支援の目的

東日本大震災の被災者支援策として、二重ローンの減免などが議論されている。ローンが残っている家や車が流されてしまった人が、代替物を得やすくするということなのだろう。


ただ、ふと考えると、こういった状況に陥るのは、何も震災に限ったことではない。小規模な土砂崩れで、家を潰されてしまった人だって、状況の悲惨さは変わらない。違うのは、同じような状況になった人が、多いか少ないかだけである。
なのに、「被災者はかわいそうだから」といった理由付けで支援をすると、不公平感を起こすし、最後は国が助けてくれる、というモラルハザードにもつながると思う。

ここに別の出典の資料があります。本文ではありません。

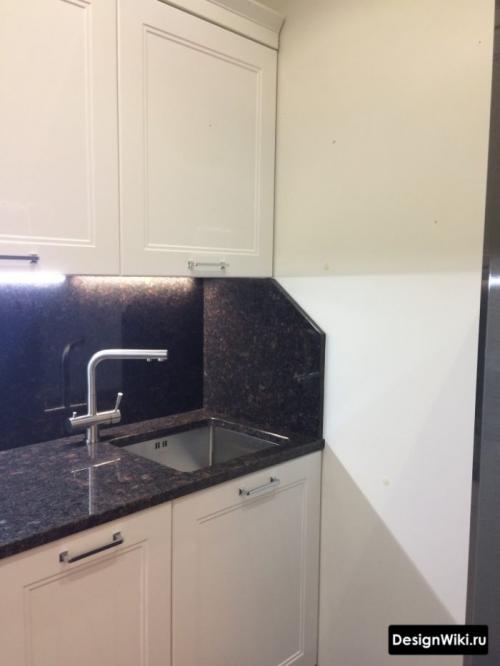 Чем заменить фартук на кухне вместо плитки. Что такое фартук и для чего он нужен на кухне 21 Чем заменить фартук на кухне вместо плитки. Что такое фартук и для чего он нужен на кухне 21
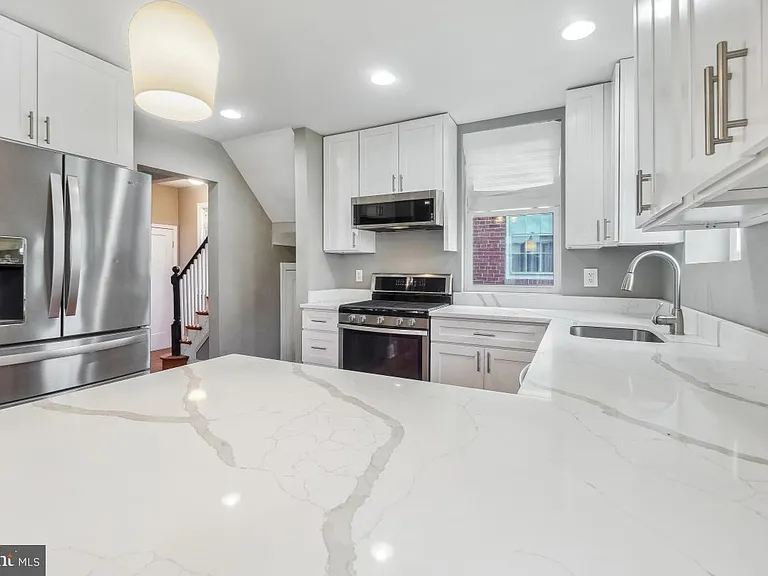 2615 Otis St NE — Photo 13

結局、支援をする目的は、個々の被災者を救済することではなく、特定地域に貧困者が急増することのマクロ的影響を回避することなのである。
だから、被災者支援という言い方は正しくなく、本来は地域経済支援などと言うべき。それを、選挙を意識してなのか、耳障りのいい目的にすり替えるから、整合性が取れなくなる。


本来の目的を認識しつつ、言葉をすり替えているだけなら、まだましだと思うが、本当に被災者個々人の支援をしようなんて、政治家が考えているなら救いようがない。国民から集めた税金を分配する以上、政治は慈善事業であってはならない。慈善事業なら、自分の金でやってくれ。